Your online community won't die overnight. That never happens. Most communities end with members gradually drifting away.
There are some clear danger signals that your community is going downhill, these are a few to watch out for:
- No new posts in 24 hours. If your community goes an entire day (except Christmas) without a single interaction you’re on the brink of failure. Push the panic button. Engage heavily in one to one interactions to inject activity.
- Key members have gone missing. Name your top 10 members. Have any of them been posting less frequently recently? Why? Find out and adapt.
- Less members are joining. Community members are transient, they get jobs, move location, start families. You need fresh blood to keep the community active. Regularly measure the number of new members joining, when it dips (or slows) take action to recruit new members.
- A new rival community is rapidly gaining momentum.

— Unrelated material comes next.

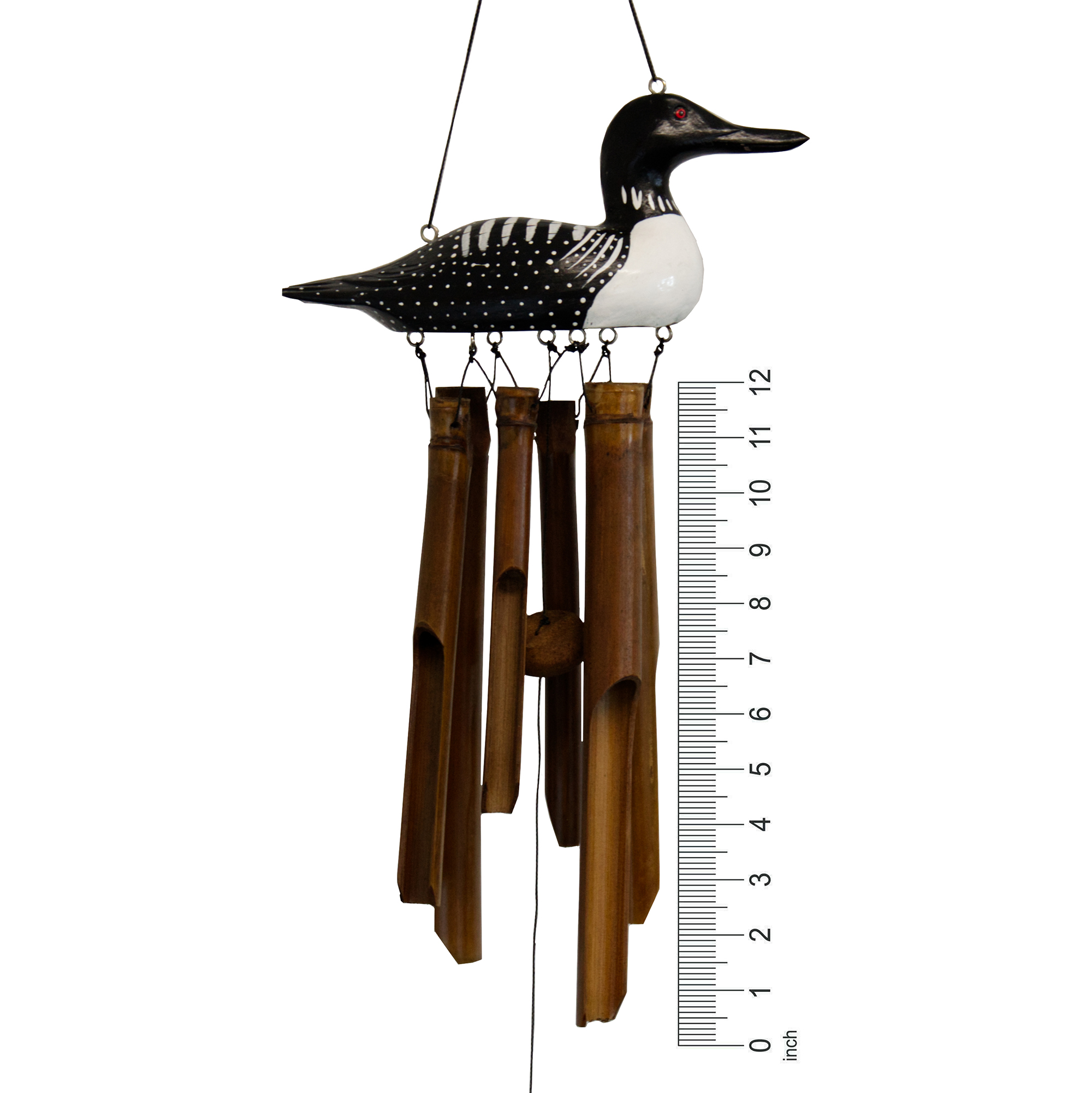 Cohasset Gifts Loon Bamboo Wind Chime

If you see a new community in your field rapidly gaining momentum, it means you’re not providing something these members need.
- Posts go unanswered. The lack of conversation is a clear flag something is wrong. When posts start going unanswered, people begin to drift away.
- Declining sector/topic/passion. UK-CT is a dying community for a video game which is over 10 years old. It’s entire audience has moved on to other games. It’s niche is dying, it didn’t stick with the players.
- Lack of friendliness. Whilst arguments are important, friendliness is more important. Do members seem less friendly recently? Do they lack familiarity with each other and previous community discussions? Do they know how the top members in a community are?
- Boring discussions. Subjective, but important. Do the discussions feel like they’re less interesting recently? Is there a poor quality of things to talk about?
Keep an eye for these signals and react aggressively when you spot one. Don’t be passive, by the time you spot a signal, it might already be almost impossible to reverse the problem.